I promise to talk about testing tools, so next up is a Digital
Voice Recorder with PC Link. This particular model records and transfers to PC in WAV format, which can be converted to MP3 with any tool such as Audacity.
Here’s the backstory:
When I started by career, occasionally I heard decisions that didn’t seem to make sense that would require code change. Several times I put comments in the code like this:
//On 12/20/1997, Bob Smith directed that
//the HMO and PPO business
//should be treated identically
//for purposes of BAH.
Of course, six months later, some one would ask why we were treating HMO and PPO the same, and it wouldn’t be in the requirements, and I would dig out that comment.
That never helped me. Ever. Really – Bob would say “Gee, I don’t remember telling you that” and nothing would change. I would still have to change the code, and the department still had “Egg on it’s face.” (Or some other analogy)
About a year ago I got a voice recorder to record presentations and podcasts and such, but I started using them as a requirements technique about nine months ago. At the beginning of the meeting, I make it clear that the purpose of the recorder is for my own notes, that I will *NOT* be using the recordings as a conversation. At the end of the conversation, if we have changed a policy, I turn the recorder on again and do a formal one, where we have a short discussion about the change, the pros and cons, the final decision, and who is involved. I ask “Do I have the right decision makers in the room?” and get verbal agreement.

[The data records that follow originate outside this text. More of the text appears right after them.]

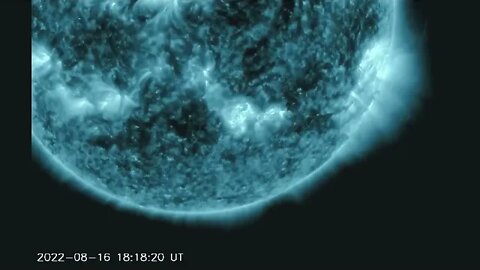 #Shorts There have been Multiple M-Class flares in the last 24 hours on the sun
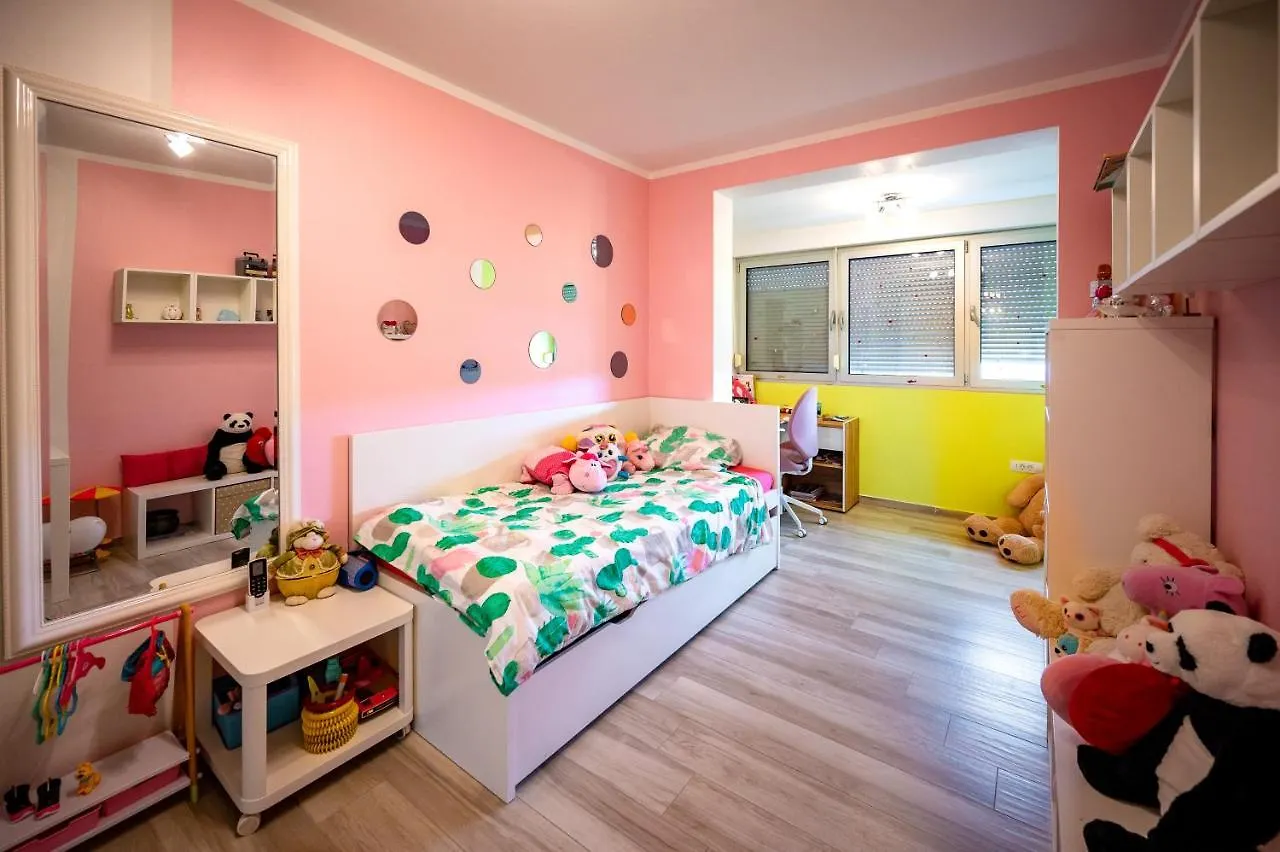 Penthouse Fravita Medulin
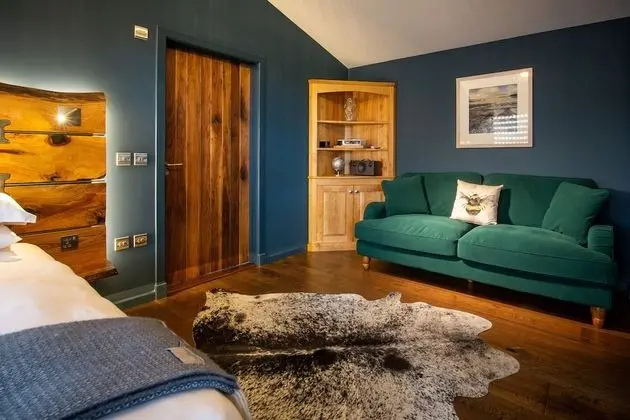 Luxury Apart Daire, Banyolu/Duşlu, Deniz Manzaralı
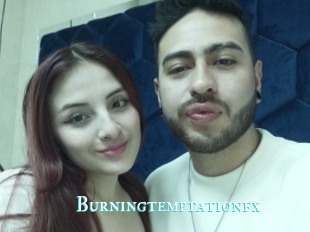 Burningtemptationfx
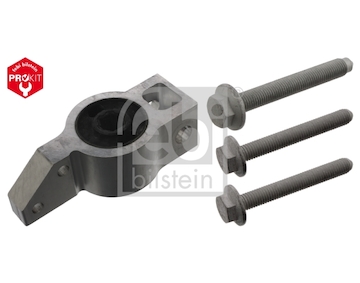 Uložení, řídicí mechanismus FEBI BILSTEIN 45891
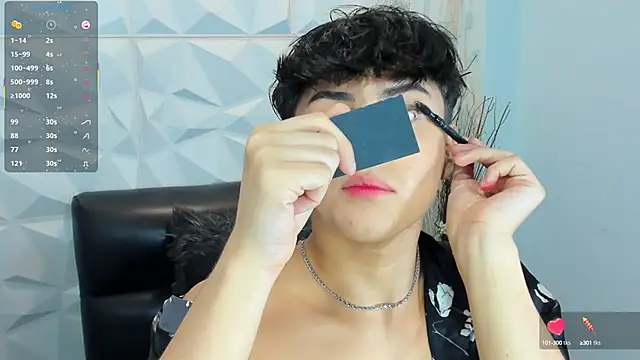 Snapshot of Sam_Daves chatting on September 9, 2025, 2:59 pm Sam Daves online show from September 9, 2025, 2:59 pm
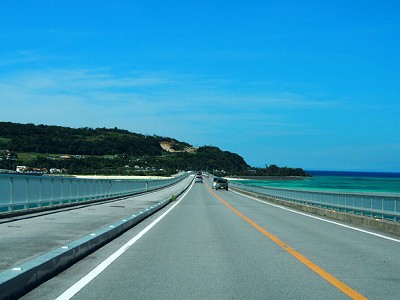 古宇利大橋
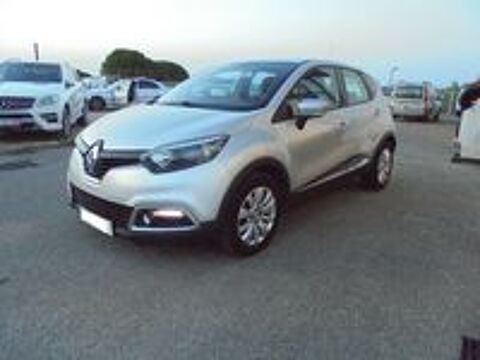 Captur dCi 90 Energy Business 2014 occasion 30127 Bellegarde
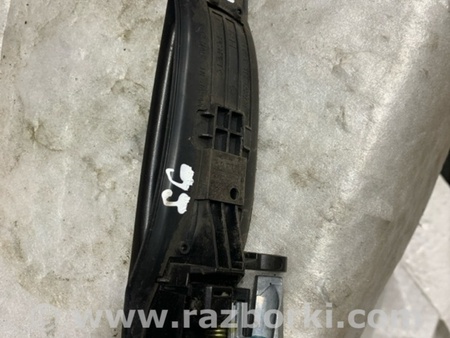 ФОТО Ручка двери внешняя передняя правая для Subaru Forester SG S11 (02-08) Київ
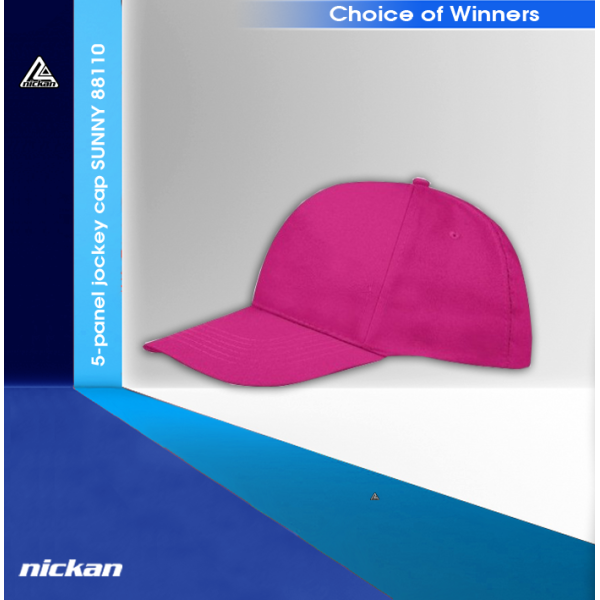 NICKAN SUNNY CUP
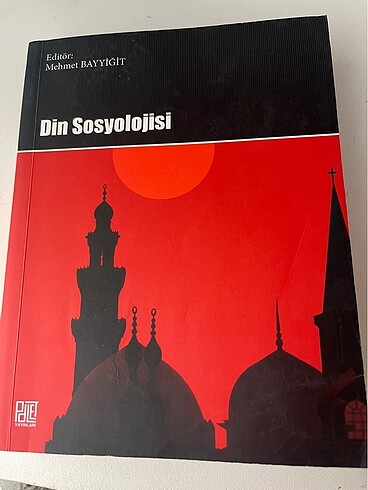 Din sosyolojisi
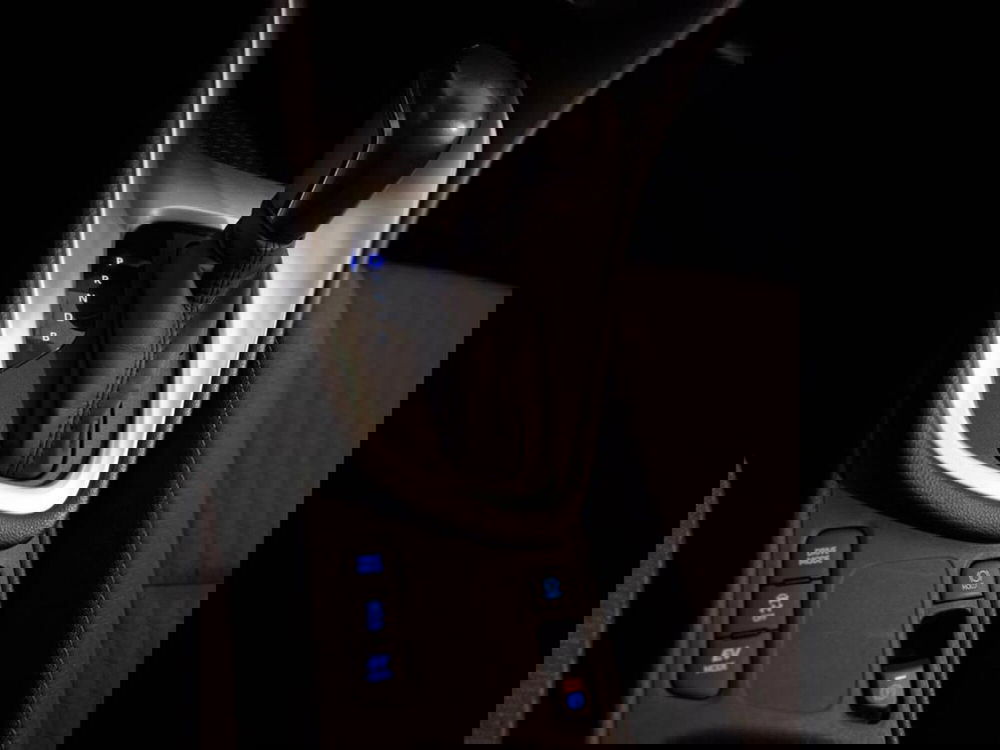 Toyota Yaris Cross usata a Torino (12)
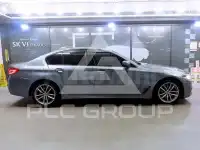 2017 BMW 523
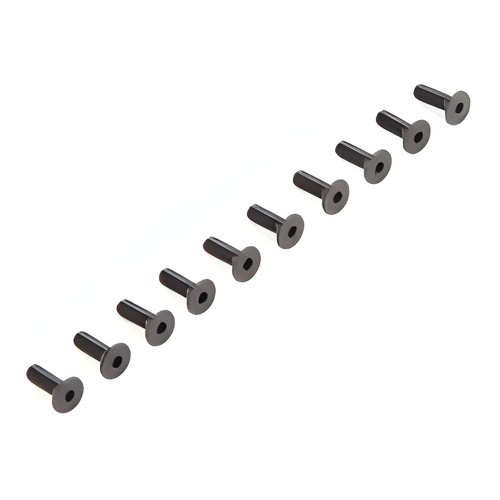 [���ܼ�] LOS235009 [LOSI] M2.5x8mm ���� ���� (10����)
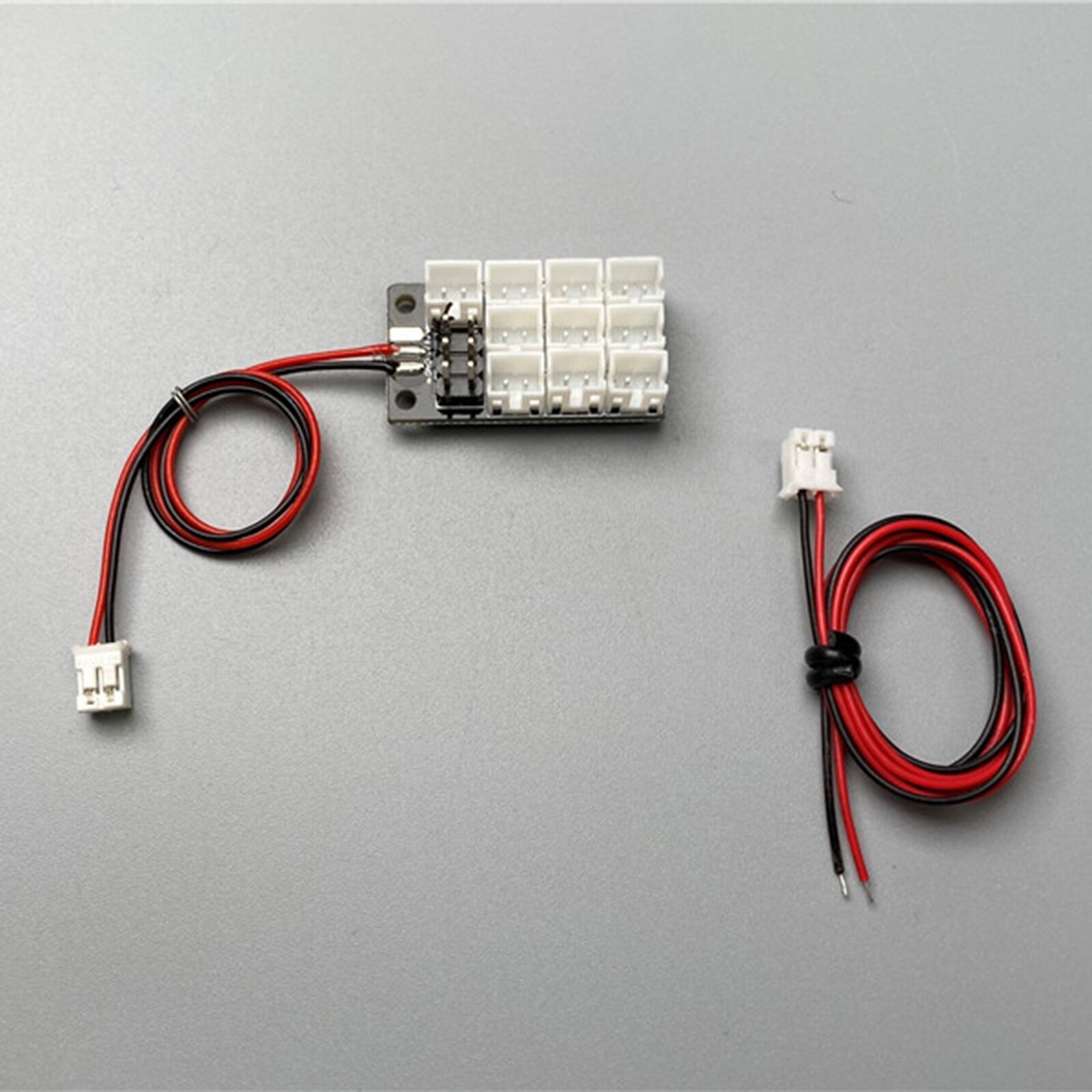 Light System Expansion Board 1/14 Four In One PH2.0 Module for Tamiya Model Car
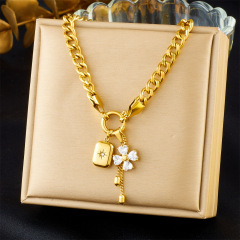N3426 Necklace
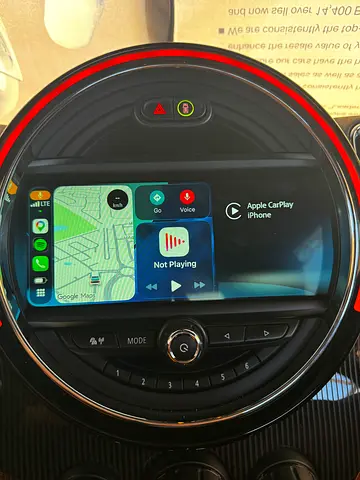 2018 MINI COUNTRYMAN photo 9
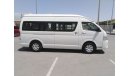 Toyota Hiace Toyota haice 2016 hi roof very celen car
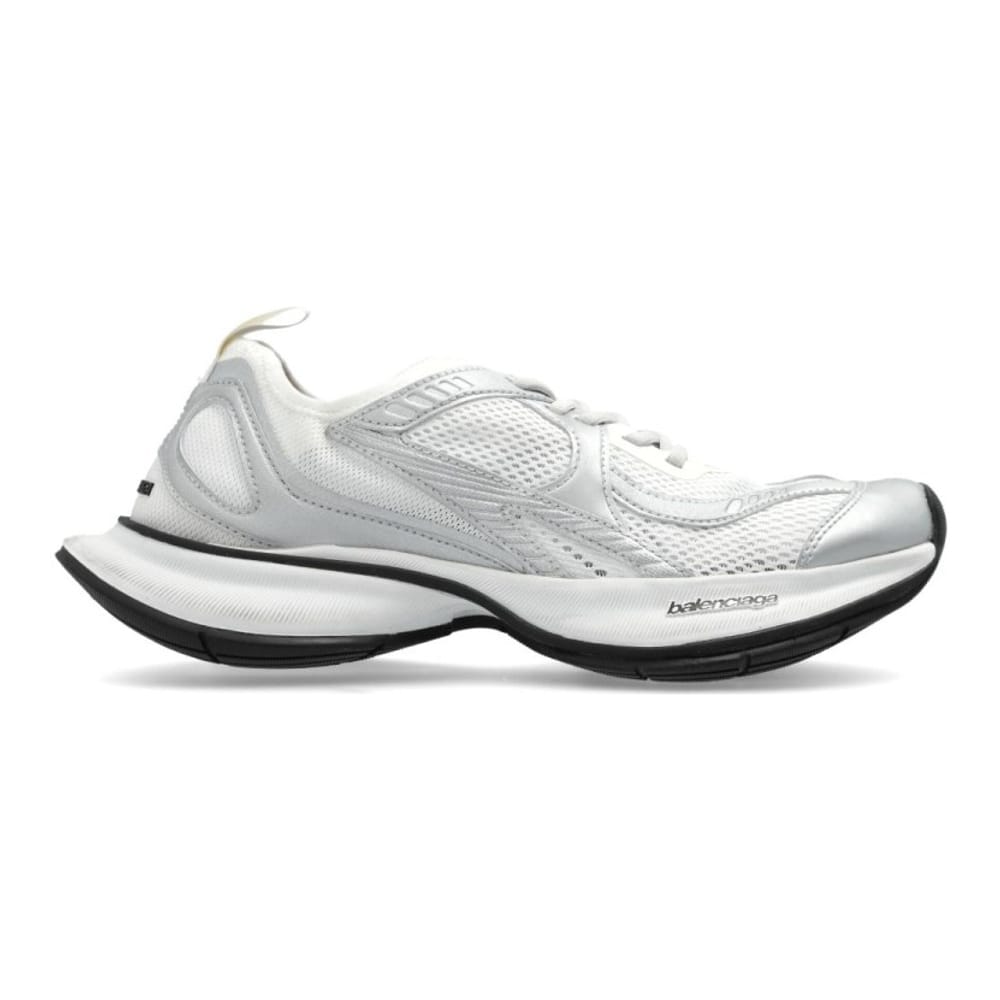 Balenciaga - Sneakers 'Circuit' pour Femmes
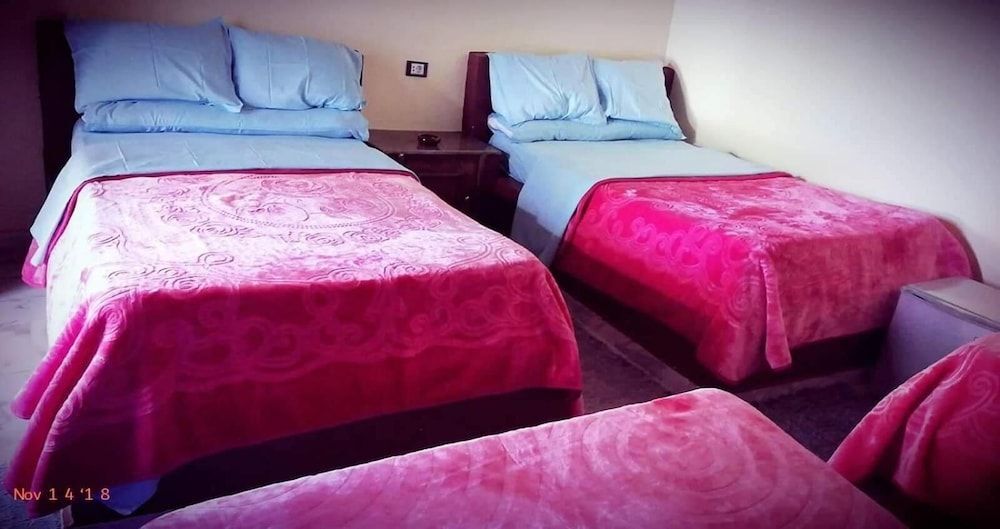 Асуан: Maghrabi's Guest House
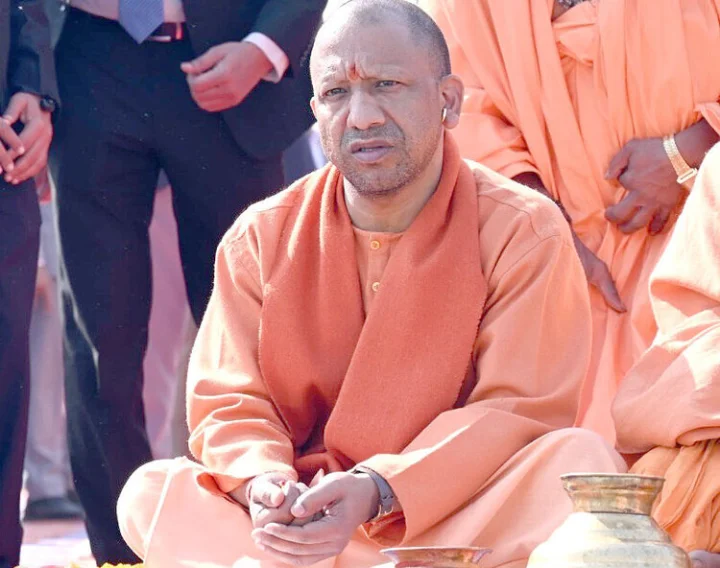 Mahakumbh Mela 2025, Reason For MahakumbhMela Stampede, CM Yogi Adityanath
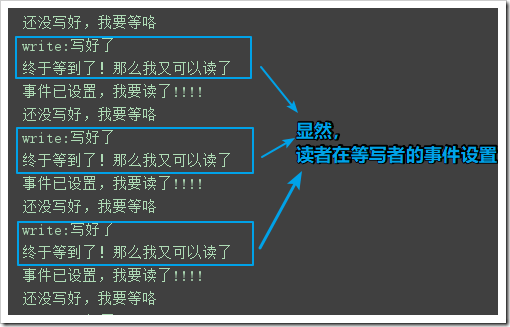 Python多線程操作之互斥鎖、遞歸鎖、信號量、事件實例詳解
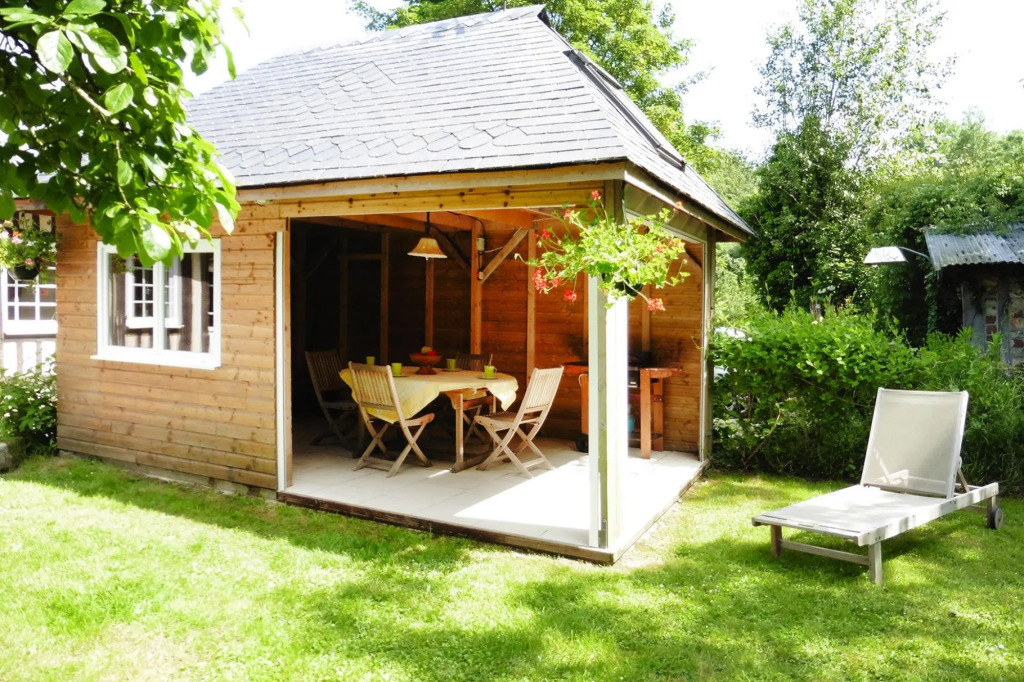Cottage in Normandy Near Alabaster Coast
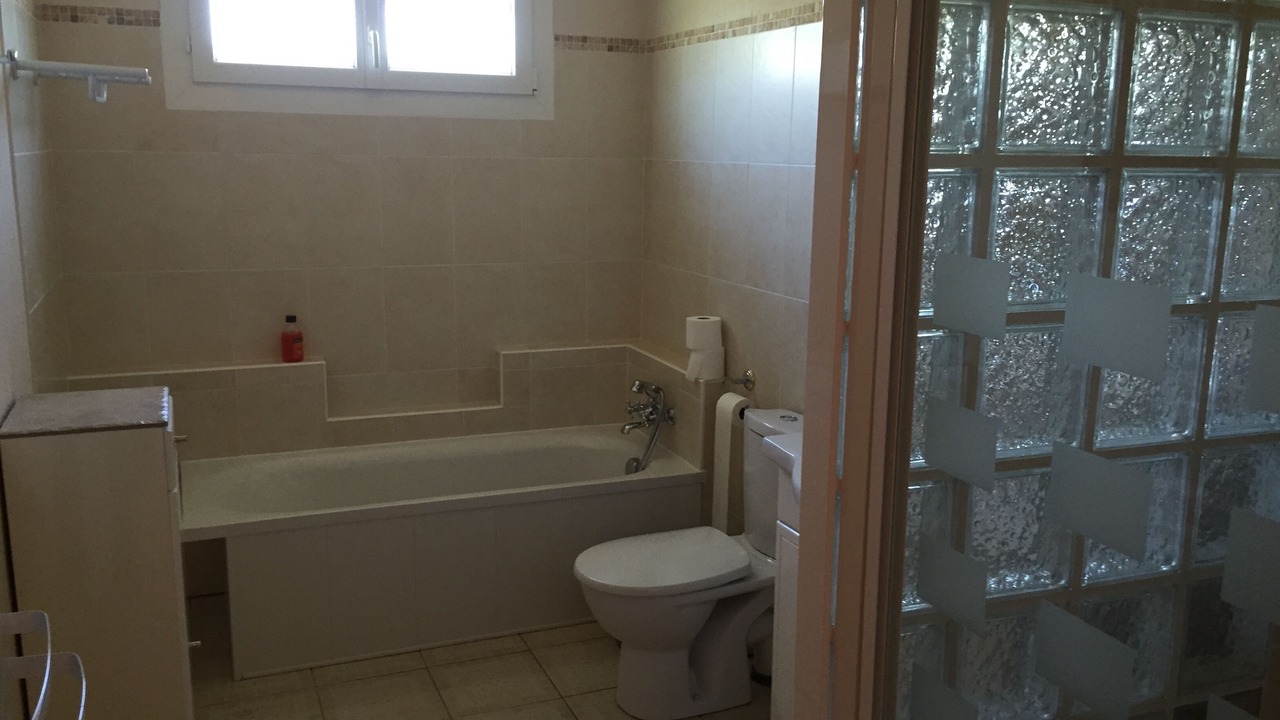 Photo of Bathroom in Blis-et-Born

THAT recording gets checked into version control, right next to the requirements doc.
Those kinds of discussion are easy to capture, easy to throw away, and I have found that anyone in the room can use a voice recorder – regardless of title.
But here’s the secret – even if I promise to throw away the notes, we behave differently when we know we are being recorded. We tend to think things through a little bit more and come to a better decision.
That is the real purpose of the device; not as a CYA tool when someone makes a bad off-the-cuff decision, but as a prevention technique, to make sure we make the right decision in the first place.
Now that is worth the seventy bucks.